> Exercise description
Pictures aside, please retype the whole listing word for word.

> The input
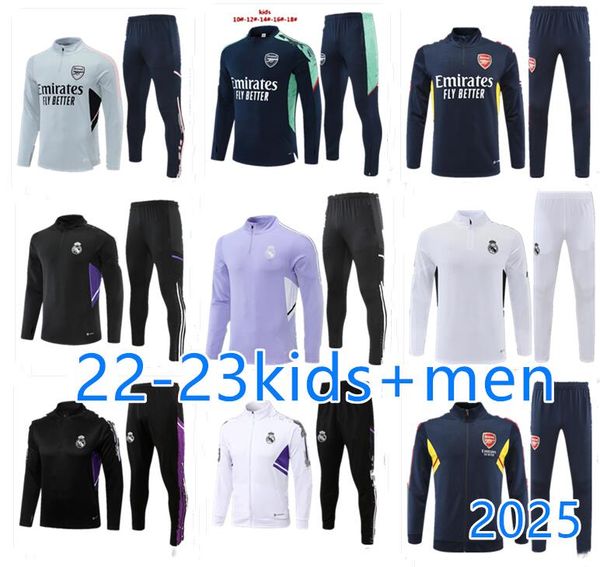 

mens kids football tracksuits training suit jersey sets 2022 2023 real madrids psgs men soccer tracksuit set jacket jogging kit survetement, Black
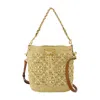 Tory Burch T Monogram Raffia Bucket Bag In Brown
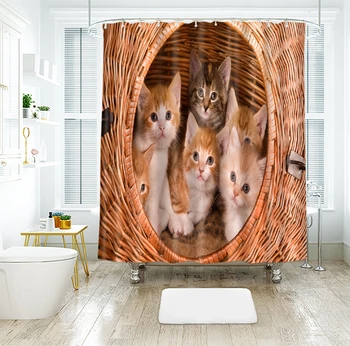 Kittens in the Bamboo Basket 3d Cat and Dog Shower Curtains Beauty Bathroom Curtain Thicken Waterproof Thickened Bath Curtain
Kittens in the Bamboo Basket 3d Cat and Dog Shower Curtains Beauty Bathroom Curtain Thicken Waterproof Thickened Bath Curtain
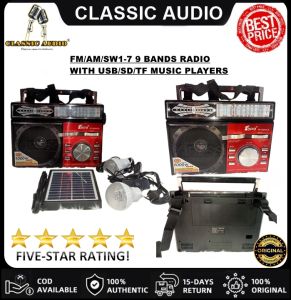 CLASSIC AUDIO RADIO WITH SOLAR FM/AM/SW1-7 9 BANDS RADIO WITH USB/SD/TF MUSIC PLAYER EPE FP-1625ULS (ORIGINAL)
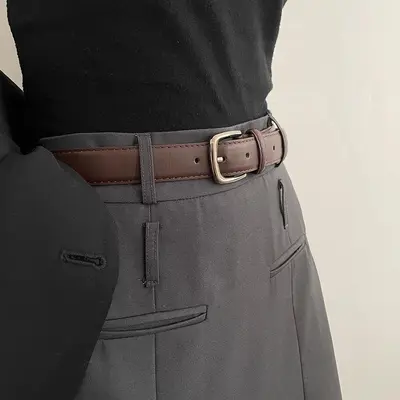 Men's belt, Korean style, student fashion, youth, Hong Kong style, simple, versatile, personalized, casual, women's black thin belt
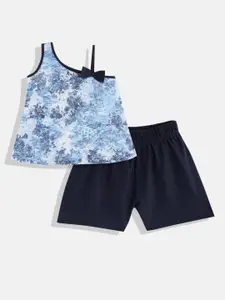 CrayonFlakes Girls Blue & White Printed Top with Shorts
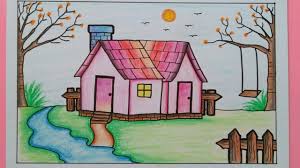 Gambar dan lukisan pemandangan alam yang diposkan berikut ini adalah usaha kami untuk menyajikan semangat apresiasi terhadap alam ciptaan tuhan yang dituangkan melalui sebuah karya. Cara Menggambar Pemandangan Rumah How To Draw Easy Scenery Youtube
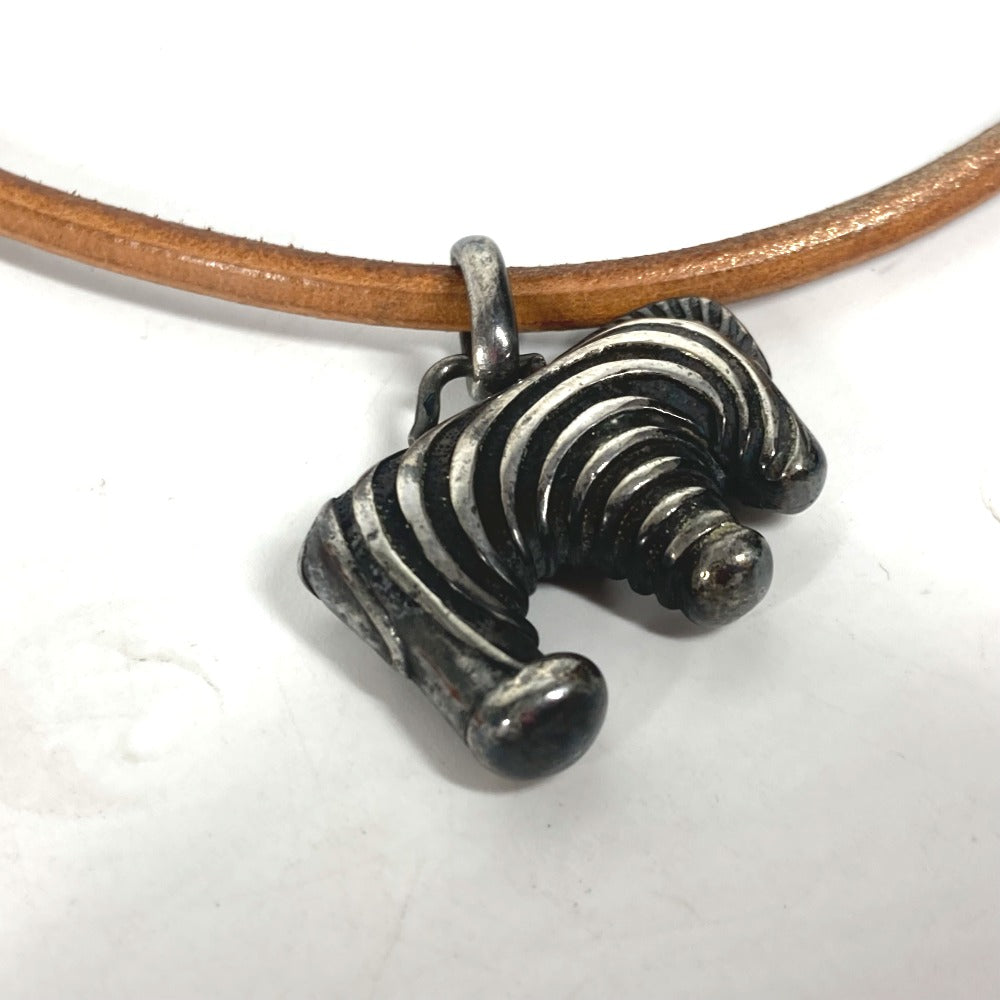 Hermes Necklace Leather Silver Animal Zebra Choker Women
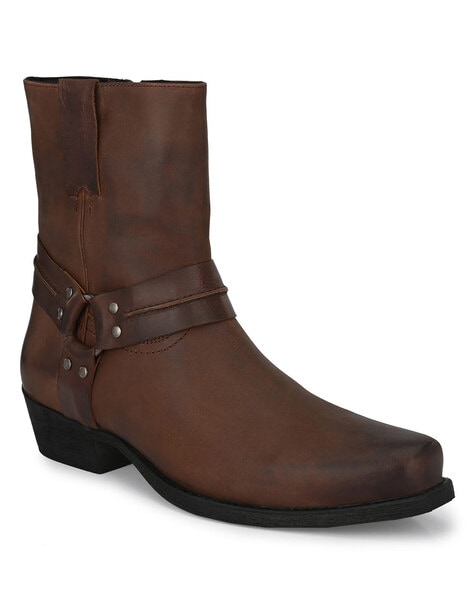 Genuine Leather Plain-Toe Boots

> Exercise output
mens kids football tracksuits training suit jersey sets 2022 2023 real madrids psgs men soccer tracksuit set jacket jogging kit survetement, Black
 Tory Burch T Monogram Raffia Bucket Bag In Brown
 Kittens in the Bamboo Basket 3d Cat and Dog Shower Curtains Beauty Bathroom Curtain Thicken Waterproof Thickened Bath Curtain
Kittens in the Bamboo Basket 3d Cat and Dog Shower Curtains Beauty Bathroom Curtain Thicken Waterproof Thickened Bath Curtain
 CLASSIC AUDIO RADIO WITH SOLAR FM/AM/SW1-7 9 BANDS RADIO WITH USB/SD/TF MUSIC PLAYER EPE FP-1625ULS (ORIGINAL)
 Men's belt, Korean style, student fashion, youth, Hong Kong style, simple, versatile, personalized, casual, women's black thin belt
 CrayonFlakes Girls Blue & White Printed Top with Shorts
 Gambar dan lukisan pemandangan alam yang diposkan berikut ini adalah usaha kami untuk menyajikan semangat apresiasi terhadap alam ciptaan tuhan yang dituangkan melalui sebuah karya. Cara Menggambar Pemandangan Rumah How To Draw Easy Scenery Youtube
 Hermes Necklace Leather Silver Animal Zebra Choker Women
 Genuine Leather Plain-Toe Boots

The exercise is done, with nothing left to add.